## [Required action]
Scan the records below for the line with "Comfortabel vakantiehuis vlakbij" and the line with "GREEN AVENTURINE PENDANT STERLING SILVER". Repeat those two lines and every line between them exactly, and nothing else.
[Start of section]
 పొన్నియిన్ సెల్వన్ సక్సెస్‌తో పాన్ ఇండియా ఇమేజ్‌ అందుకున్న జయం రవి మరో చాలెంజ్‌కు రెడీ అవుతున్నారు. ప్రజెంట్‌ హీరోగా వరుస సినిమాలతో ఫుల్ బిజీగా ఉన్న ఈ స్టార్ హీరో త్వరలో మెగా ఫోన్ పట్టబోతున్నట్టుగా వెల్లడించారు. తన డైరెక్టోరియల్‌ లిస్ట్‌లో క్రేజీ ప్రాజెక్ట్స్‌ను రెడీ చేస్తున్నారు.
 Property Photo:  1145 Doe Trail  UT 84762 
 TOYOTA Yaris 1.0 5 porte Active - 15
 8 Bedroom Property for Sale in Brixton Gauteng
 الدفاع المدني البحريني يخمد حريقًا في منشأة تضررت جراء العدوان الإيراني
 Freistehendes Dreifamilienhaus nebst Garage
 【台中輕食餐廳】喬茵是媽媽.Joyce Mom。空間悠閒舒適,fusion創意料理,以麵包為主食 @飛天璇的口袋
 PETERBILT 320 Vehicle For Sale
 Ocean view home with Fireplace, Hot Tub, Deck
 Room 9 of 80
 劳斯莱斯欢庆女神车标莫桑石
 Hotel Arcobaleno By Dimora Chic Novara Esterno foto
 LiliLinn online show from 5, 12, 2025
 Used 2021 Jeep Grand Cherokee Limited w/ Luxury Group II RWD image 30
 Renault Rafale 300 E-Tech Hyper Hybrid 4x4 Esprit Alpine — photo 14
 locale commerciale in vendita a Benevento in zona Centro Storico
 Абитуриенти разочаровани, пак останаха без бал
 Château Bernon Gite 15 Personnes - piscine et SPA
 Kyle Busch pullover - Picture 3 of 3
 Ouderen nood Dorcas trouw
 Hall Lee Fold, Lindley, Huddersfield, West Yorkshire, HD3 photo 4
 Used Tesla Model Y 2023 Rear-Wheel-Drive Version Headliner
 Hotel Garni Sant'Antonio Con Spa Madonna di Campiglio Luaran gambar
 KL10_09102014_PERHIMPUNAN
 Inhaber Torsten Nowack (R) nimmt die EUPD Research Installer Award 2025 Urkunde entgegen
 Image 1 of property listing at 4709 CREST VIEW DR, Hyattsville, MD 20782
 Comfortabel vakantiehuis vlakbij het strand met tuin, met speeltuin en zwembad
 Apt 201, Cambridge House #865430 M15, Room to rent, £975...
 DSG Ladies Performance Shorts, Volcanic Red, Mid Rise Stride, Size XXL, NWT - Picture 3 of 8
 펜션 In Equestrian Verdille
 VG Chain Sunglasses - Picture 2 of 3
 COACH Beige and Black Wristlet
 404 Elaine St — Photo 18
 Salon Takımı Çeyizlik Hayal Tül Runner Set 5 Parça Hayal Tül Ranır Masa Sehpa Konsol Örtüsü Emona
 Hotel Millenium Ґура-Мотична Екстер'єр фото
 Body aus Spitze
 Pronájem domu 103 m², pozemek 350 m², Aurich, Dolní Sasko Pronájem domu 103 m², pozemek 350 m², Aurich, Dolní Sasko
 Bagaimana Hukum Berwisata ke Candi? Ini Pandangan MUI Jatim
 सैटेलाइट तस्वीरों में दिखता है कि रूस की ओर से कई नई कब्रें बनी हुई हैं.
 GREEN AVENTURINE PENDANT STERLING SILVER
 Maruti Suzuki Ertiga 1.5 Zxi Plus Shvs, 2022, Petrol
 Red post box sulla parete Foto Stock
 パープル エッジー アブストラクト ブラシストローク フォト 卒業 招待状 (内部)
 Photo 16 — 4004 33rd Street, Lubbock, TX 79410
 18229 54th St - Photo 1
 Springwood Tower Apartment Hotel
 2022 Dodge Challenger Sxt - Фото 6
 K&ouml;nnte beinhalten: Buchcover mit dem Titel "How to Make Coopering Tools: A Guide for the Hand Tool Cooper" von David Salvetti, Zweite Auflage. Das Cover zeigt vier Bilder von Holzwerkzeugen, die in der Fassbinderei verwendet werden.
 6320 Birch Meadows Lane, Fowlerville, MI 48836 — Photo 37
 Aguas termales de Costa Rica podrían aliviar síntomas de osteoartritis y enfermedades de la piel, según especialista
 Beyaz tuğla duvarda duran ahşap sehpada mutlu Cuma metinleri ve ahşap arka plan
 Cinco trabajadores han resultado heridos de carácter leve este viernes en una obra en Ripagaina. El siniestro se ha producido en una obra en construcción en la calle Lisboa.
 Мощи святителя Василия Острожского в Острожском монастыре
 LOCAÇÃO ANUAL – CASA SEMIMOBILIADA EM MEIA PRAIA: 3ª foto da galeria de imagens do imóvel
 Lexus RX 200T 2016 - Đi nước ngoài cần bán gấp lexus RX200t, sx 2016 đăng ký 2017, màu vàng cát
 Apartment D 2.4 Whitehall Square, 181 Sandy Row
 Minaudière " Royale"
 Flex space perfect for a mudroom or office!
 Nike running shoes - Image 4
[End of section]
## [Exercise response]
 Comfortabel vakantiehuis vlakbij het strand met tuin, met speeltuin en zwembad
 Apt 201, Cambridge House #865430 M15, Room to rent, £975...
 DSG Ladies Performance Shorts, Volcanic Red, Mid Rise Stride, Size XXL, NWT - Picture 3 of 8
 펜션 In Equestrian Verdille
 VG Chain Sunglasses - Picture 2 of 3
 COACH Beige and Black Wristlet
 404 Elaine St — Photo 18
 Salon Takımı Çeyizlik Hayal Tül Runner Set 5 Parça Hayal Tül Ranır Masa Sehpa Konsol Örtüsü Emona
 Hotel Millenium Ґура-Мотична Екстер'єр фото
 Body aus Spitze
 Pronájem domu 103 m², pozemek 350 m², Aurich, Dolní Sasko Pronájem domu 103 m², pozemek 350 m², Aurich, Dolní Sasko
 Bagaimana Hukum Berwisata ke Candi? Ini Pandangan MUI Jatim
 सैटेलाइट तस्वीरों में दिखता है कि रूस की ओर से कई नई कब्रें बनी हुई हैं.
 GREEN AVENTURINE PENDANT STERLING SILVER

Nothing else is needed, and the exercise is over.